Etisalat, which came into the Nigeria GSM sector in 2007, originated from the United Arab Emirates (UAE), in 1976. The company acquired the Unified Access License, which includes a mobile license and spectrum in the GSM 1800 and 900 MHz bands at the price of $400 million (Four Hundred Million U.S. Dollars). The company has footprints in 17 countries, traversing the Middle East, Asia and Africa. In Africa, it exists in 10 countries.
1.2 Statement of the Problem
Literature search for this study revealed that several research exist on CSR, but most of them were done in the Western world. Those studies delved into various areas of CSR, and some sought to find out how CSR is practiced in different countries. Interestingly, some of those studies have given us reasons to believe that significant difference exist in the ways CSR is understood and practiced by different organisations in different countries around the globe. While there are several studies telling us how CSR is understood, conceptualized and practiced in the developed world, especially in America and Europe, not much of such studies have been done in the context of the developing countries. It is, therefore, in the light of this gap that this study sought to unravel how the GSM companies in Nigeria understand and practice CSR in the country. In doing this, the study would also discover some of the motivating factors behind CSR initiatives of the GSM operators in Nigeria.

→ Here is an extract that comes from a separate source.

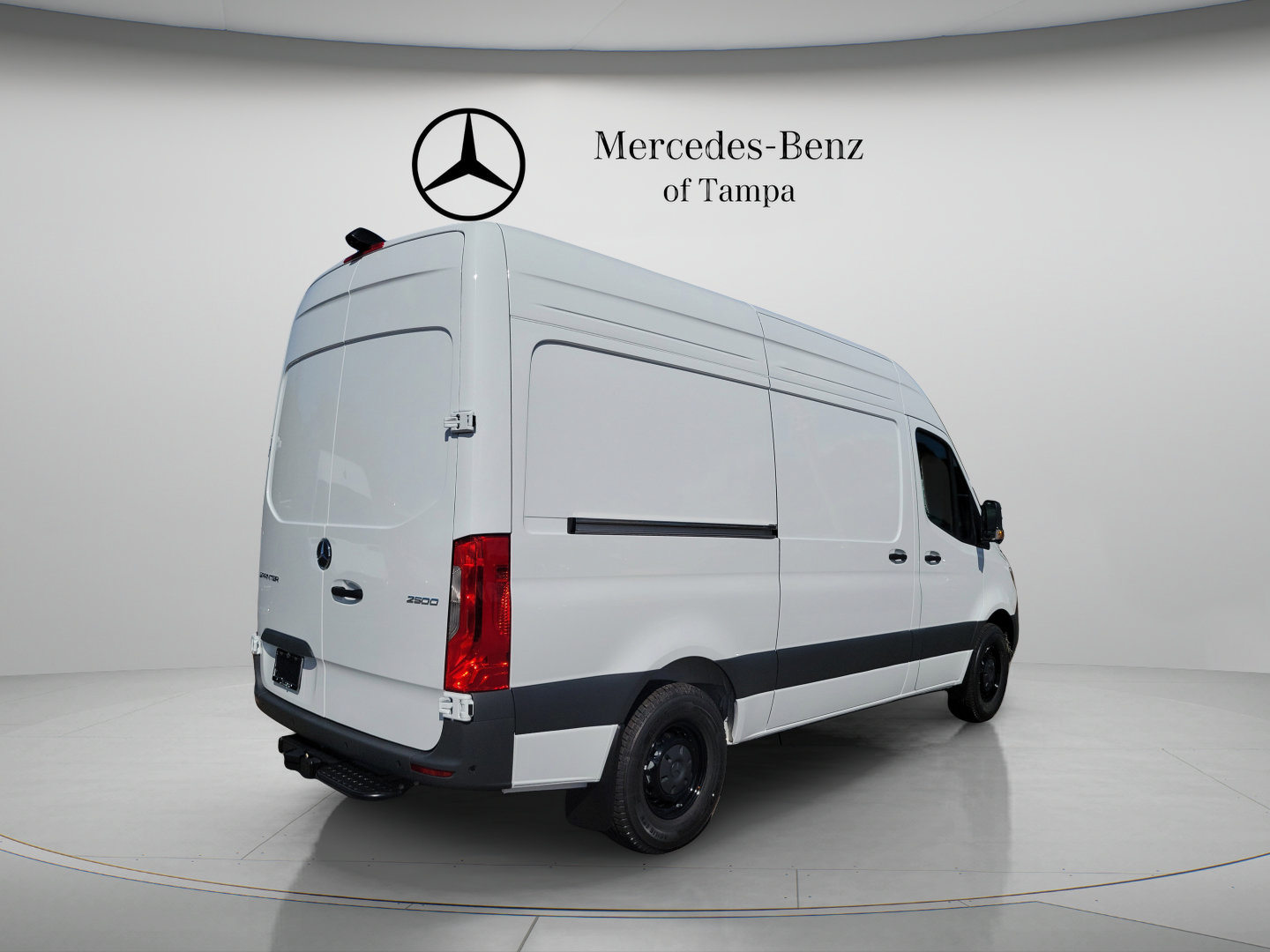 Used 2026 Mercedes-Benz Sprinter 2500 image 4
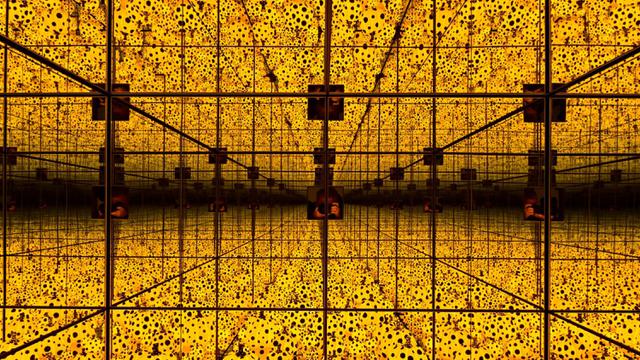 FOTO: Mengunjungi Pameran Instalasi Seni Yayoi Kusama di Berlin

Some of the studies done outside the country also suggest a link between corporate image and a company’s CSR. In other words, the studies reveal that CSR positively affects the perceptions stakeholders have on organizations and even affect consumer behaviour and decision making. Also, only little of such studies exist in the developing countries and none was found done in Nigeria’s GSM sector. The foregoing prompted this study to go further to ascertain if the GSM consumers have knowledge of CSR practices of the operators and how the knowledge has influenced the attitude of the consumers towards the operators.
1.3 Objectives of the Study
This study examined how the GSM companies operating in Nigeria understand and practice CSR, while highlighting their motivating principles. It further tried to find out the level of knowledge GSM operators’ consumers have about the CSR initiatives and the effect of such knowledge on the corporate image of the companies.
Therefore, to achieve this, the study had the following objectives:
1. To determine the understanding of CSR amongst the GSM service providers in Nigeria.
2. To unravel the motivating principles behind CSR practice of the GSM operators in Nigeria.
3. To discover how the GSM companies implement CSR in the country.
4. To find out if the GSM consumers have knowledge of the CSR practices of the GSM operators.
5. To ascertain how knowledge of CSR actions of the GSM operators influence GSM consumers.
1.4 Research Questions
The following research questions were formulated to help achieve the objectives of the study:
1. What is the understanding of CSR amongst the GSM operators in Nigeria?
2. What are the motivating principles behind CSR practice of the GSM operators?
3. How do the GSM operators implement CSR in Nigeria?
4. Do the GSM consumers know the CSR initiatives of the GSM operators?
5. How does knowledge of CSR efforts of the GSM operators influence the consumers?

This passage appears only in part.